Task instructions -
Output a verbatim copy of the data, cut off after the line that contains "Môi Súng Chapter 29 - Trang 2".

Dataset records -
○ ○ ○ ○ ○ ○ ○

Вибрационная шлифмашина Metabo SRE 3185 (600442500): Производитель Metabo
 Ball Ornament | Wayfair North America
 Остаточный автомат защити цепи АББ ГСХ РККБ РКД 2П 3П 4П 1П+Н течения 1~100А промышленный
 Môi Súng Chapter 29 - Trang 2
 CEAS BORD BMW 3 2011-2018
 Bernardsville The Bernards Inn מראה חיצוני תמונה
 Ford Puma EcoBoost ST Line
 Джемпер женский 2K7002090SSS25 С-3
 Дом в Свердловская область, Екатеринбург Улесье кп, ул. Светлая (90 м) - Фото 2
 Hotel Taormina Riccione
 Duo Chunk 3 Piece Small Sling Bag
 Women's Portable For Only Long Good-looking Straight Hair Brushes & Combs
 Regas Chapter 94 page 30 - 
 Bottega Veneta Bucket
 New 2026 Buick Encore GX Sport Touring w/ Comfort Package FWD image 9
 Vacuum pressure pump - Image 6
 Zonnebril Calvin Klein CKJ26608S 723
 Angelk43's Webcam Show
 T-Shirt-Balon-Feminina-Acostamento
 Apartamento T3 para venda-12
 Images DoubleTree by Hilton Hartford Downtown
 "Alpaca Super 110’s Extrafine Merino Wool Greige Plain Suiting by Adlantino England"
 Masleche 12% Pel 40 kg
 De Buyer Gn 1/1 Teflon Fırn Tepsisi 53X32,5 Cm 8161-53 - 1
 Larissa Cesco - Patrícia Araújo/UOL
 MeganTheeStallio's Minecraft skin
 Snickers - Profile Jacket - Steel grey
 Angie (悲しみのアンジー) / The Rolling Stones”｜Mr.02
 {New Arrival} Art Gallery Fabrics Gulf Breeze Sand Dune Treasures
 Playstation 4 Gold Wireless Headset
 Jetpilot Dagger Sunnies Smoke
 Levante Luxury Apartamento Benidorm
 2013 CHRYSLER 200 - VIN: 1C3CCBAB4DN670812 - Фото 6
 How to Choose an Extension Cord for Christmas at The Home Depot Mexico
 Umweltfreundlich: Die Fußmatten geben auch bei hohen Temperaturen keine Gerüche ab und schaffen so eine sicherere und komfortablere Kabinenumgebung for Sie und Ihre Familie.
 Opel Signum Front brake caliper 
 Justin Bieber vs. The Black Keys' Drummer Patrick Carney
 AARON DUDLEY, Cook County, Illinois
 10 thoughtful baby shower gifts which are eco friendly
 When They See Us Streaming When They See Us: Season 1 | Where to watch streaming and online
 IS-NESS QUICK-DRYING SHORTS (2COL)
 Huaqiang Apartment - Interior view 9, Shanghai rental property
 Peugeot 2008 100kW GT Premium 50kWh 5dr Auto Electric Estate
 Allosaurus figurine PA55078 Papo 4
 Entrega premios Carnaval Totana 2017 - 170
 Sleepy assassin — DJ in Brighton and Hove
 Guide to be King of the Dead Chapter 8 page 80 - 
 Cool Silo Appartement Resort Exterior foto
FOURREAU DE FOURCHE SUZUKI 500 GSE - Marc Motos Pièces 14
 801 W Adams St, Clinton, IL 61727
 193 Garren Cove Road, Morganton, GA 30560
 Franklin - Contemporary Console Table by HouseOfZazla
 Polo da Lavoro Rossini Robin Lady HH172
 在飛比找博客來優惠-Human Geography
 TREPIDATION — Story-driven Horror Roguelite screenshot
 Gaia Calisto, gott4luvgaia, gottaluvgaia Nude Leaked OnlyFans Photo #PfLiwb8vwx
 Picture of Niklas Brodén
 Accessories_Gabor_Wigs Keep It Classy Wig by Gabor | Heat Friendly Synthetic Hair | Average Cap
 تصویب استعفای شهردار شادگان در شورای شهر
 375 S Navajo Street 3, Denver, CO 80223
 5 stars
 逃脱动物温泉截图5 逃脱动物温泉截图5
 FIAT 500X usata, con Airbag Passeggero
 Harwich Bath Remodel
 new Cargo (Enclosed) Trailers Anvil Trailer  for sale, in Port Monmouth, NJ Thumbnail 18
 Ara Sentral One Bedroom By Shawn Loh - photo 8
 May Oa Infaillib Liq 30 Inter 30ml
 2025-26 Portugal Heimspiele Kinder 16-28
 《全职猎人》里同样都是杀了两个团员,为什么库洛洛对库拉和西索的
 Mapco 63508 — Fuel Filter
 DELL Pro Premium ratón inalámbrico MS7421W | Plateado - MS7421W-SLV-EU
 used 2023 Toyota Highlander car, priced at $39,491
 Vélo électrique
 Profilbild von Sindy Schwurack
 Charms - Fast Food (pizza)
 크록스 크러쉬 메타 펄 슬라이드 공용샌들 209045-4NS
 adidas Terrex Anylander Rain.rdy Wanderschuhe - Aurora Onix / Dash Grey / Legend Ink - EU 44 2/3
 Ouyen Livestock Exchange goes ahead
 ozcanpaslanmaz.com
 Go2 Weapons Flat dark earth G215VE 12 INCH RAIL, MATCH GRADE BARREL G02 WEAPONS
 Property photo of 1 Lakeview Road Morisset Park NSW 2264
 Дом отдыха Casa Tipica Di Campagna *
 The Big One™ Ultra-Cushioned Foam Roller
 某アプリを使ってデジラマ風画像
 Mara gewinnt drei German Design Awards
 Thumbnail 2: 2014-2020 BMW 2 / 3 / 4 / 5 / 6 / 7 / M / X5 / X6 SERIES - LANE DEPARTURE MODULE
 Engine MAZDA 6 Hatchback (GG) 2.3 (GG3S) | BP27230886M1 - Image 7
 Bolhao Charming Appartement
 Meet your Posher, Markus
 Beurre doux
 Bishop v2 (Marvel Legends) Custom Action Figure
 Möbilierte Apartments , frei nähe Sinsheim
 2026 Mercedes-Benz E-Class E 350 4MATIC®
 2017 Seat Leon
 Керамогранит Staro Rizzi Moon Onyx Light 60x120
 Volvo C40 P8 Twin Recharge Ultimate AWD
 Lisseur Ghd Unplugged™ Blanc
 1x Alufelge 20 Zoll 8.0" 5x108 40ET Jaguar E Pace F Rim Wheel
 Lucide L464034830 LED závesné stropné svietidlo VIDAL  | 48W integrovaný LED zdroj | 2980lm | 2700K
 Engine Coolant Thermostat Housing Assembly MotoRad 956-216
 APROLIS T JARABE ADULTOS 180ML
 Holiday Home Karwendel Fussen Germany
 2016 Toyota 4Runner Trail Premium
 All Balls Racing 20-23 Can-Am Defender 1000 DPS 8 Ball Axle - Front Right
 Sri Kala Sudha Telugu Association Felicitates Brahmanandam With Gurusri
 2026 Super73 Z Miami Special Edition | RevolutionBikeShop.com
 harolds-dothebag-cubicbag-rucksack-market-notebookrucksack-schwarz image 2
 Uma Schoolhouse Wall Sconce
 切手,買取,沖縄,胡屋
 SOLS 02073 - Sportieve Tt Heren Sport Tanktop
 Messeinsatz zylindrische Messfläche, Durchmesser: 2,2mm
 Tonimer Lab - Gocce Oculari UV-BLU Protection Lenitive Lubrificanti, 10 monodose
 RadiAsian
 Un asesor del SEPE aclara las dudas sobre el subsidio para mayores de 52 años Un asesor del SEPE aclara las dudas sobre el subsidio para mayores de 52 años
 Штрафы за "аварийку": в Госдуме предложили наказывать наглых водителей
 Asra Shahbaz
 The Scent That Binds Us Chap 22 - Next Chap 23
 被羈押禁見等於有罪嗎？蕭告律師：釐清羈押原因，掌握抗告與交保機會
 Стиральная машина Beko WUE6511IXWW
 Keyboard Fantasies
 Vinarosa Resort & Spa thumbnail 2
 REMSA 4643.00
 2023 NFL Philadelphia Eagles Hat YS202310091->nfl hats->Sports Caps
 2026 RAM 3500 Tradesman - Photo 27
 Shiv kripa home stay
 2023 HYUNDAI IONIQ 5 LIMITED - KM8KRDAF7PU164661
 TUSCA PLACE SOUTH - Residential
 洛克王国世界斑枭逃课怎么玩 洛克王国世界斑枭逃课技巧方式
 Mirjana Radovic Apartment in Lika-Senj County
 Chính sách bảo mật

○ ○ ○ ○ ○ ○ ○

Result of the task -
Вибрационная шлифмашина Metabo SRE 3185 (600442500): Производитель Metabo
 Ball Ornament | Wayfair North America
 Остаточный автомат защити цепи АББ ГСХ РККБ РКД 2П 3П 4П 1П+Н течения 1~100А промышленный
 Môi Súng Chapter 29 - Trang 2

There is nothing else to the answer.